Lucky Boys Confusion


by Adam Williams

12 January 2004


Lucky or Good? Probably Both

No band in recent memory has matured more between its first and second albums than Lucky Boys Confusion. The group’s 2001 major label debut, Throwing the Game, was an interesting mix of influences ranging from reggae to power pop, highlighted by a simple thematic undertone of smoking, drinking, and having a good time. Harmless fun for the most part, it was a recording that added to the Boys’ loyal and growing fan base. Hidden behind the numerous 420 references, however, were keen senses of musicianship and willingness to experiment. The band’s new release, Commitment, finds the Boys pushing the creative envelope and tapping into their reservoir of potential with impressive results.
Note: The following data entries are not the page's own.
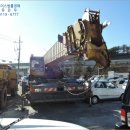 대구지방법원 영덕지원 이미지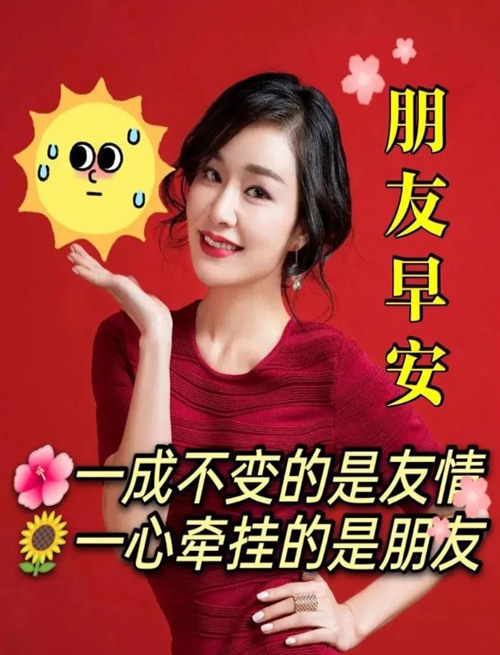 朋友早安！一成不变的是友情，一心牵挂的是朋友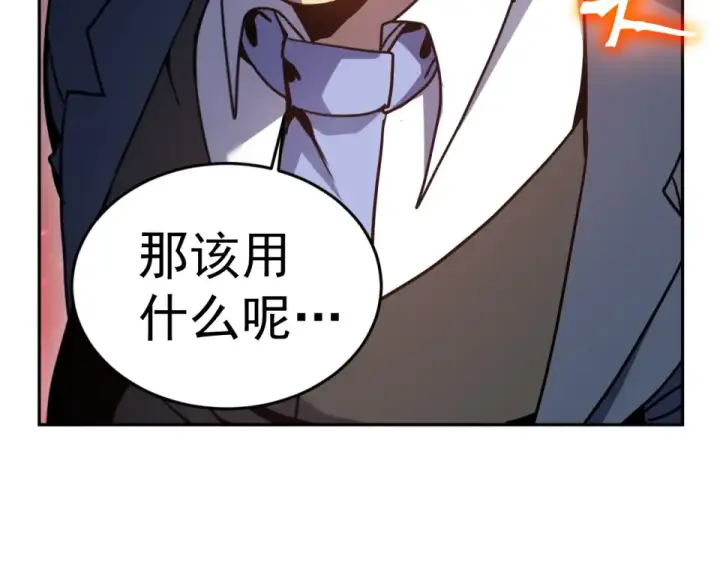 《高武：登陆未来一万年》第286话 窥视图102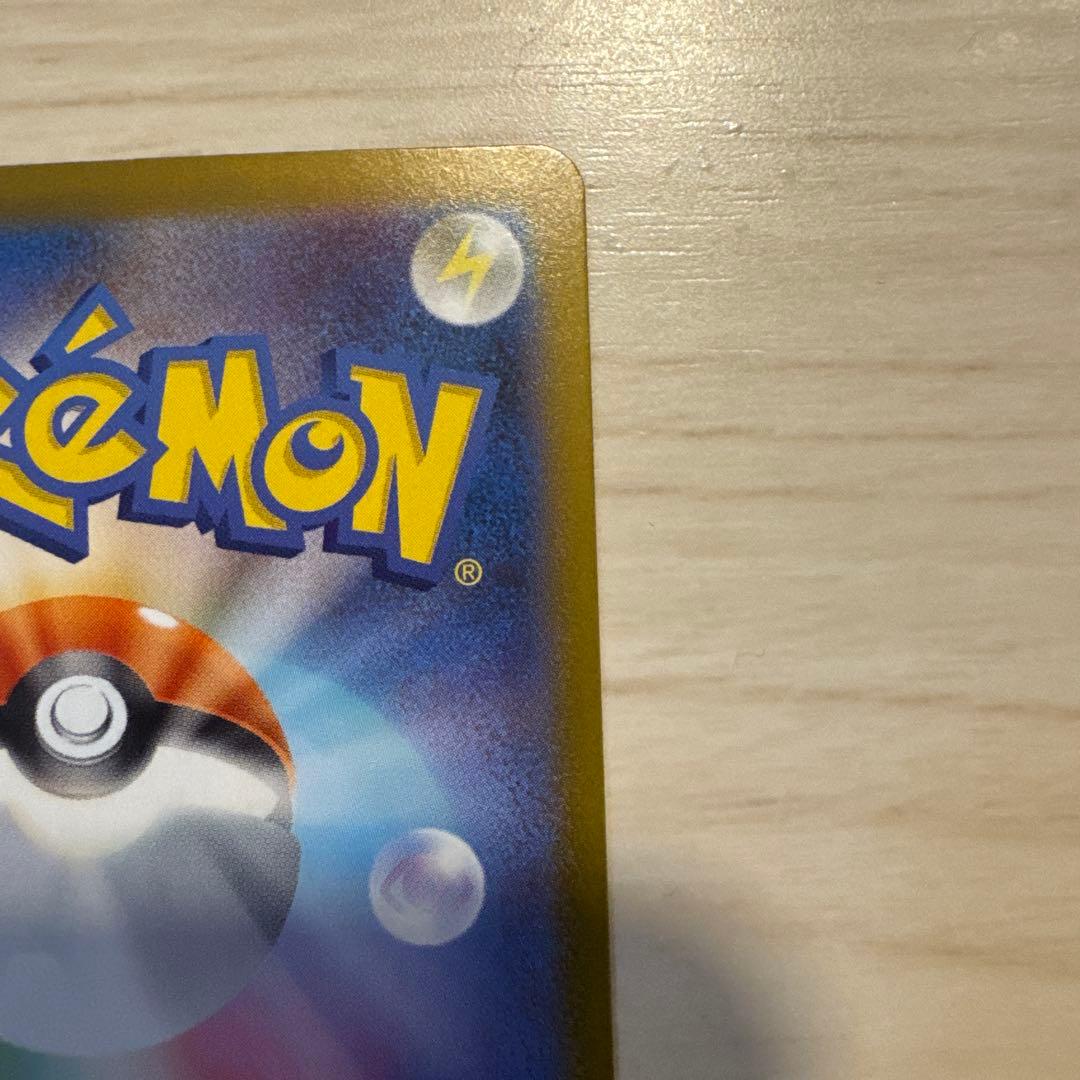 リーリエのピッピ　 SAR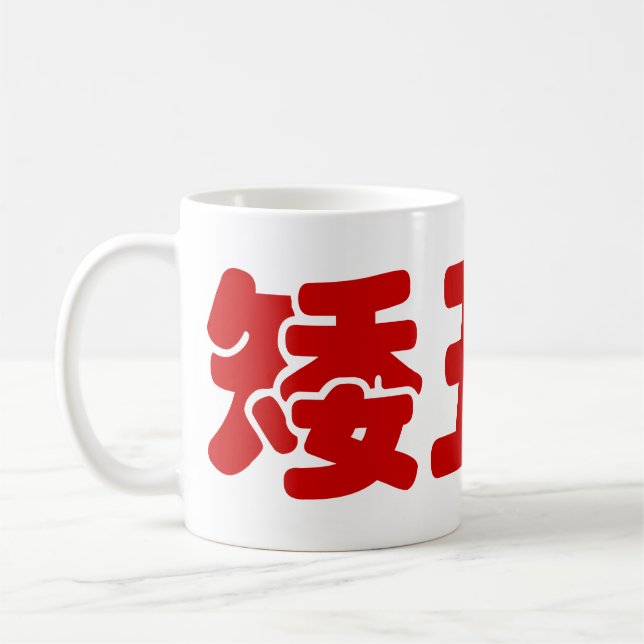 Kurze, hässliche und arme 矮 丑 穷 chinesischen Hanzi Kaffeetasse (Links)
Lucky Boys’ growth spurt is similar to that of the embryonic Red Hot Chili Peppers. Initially known solely as a fun loving party band, the Peppers grew into a sophisticated musical entity on the heels of Anthony Kiedis’s development as a talented vocalist from his funky white boy rap beginnings. The difference between the two bands’ growth stages is sizable however; it took the Peppers seven years to evolve from their enjoyable, but limited self titled album to the hugely successful Blood Sugar Sex Majik. Lucky Boys have progressed as far in just a couple of years.

cover art

Lucky Boys Confusion


US: 21 Oct 2003
UK: Available as import

Over the course of two LBC albums, lead singer Stubhy has demonstrated a chameleon-like ability to change vocal gears at will; from his early Kiedis-esque efforts on Throwing the Game’s “Child’s Play” and “3 to 10” to the fluidity of “Fred Astaire”, Stubhy boasts an even greater range on Commitment. He displays equal comfort and confidence belting out the energized pop of “Closer to Our Graves”, going head to head with Half Pint on “Sunday Afternoon”, or employing surprising silkiness on “South Union” and “Ordinary”. He even takes a moment to indulge in a bit of fast paced techno screech on the powerful “You Weren’t There”.

Stubhy’s contributions notwithstanding, the band is grounded by a fine rhythm section and generally inventive guitar and keyboard work. The result is an amalgam of sound elements that are difficult to define, yet easy to recognize. Commitment’s title track is reminiscent of Sublime mixed with a trace of Queens of the Stone Age; the Half Pint collaboration brings back memories of UB40’s cover of “Red Red Wine”, while “Champions” bears a hint of early reggae inspired Clash.

More than simply an exercise in cutting and pasting, Commitment is an extremely well done pop album. The Boys’ writing has progressed past the beer bash chronicling phase and is now entering deep water with the thought provoking “Mr. Wilmington” and “Something to Believe In”. This is not to say that they still can’t rock the house, as the hit single “Hey Driver” will assuredly light up any party.

It will be interesting to watch LBC’s path to success, as they are still on the fringe of mainstream popularity. That is not necessarily a bad thing, since the band has nurtured a small legion of followers on Midwestern college campuses that is quickly spreading. Dave Matthews established himself much the same way on the university circuit, and now grosses tens of millions of dollars in sales and tour revenue.

Obviously there is quite a way to go for the Boys to reach the lofty commercial heights attained by Matthews or the Chili Peppers, but by being good, and lucky, the band is sure to have breakout success in the near future.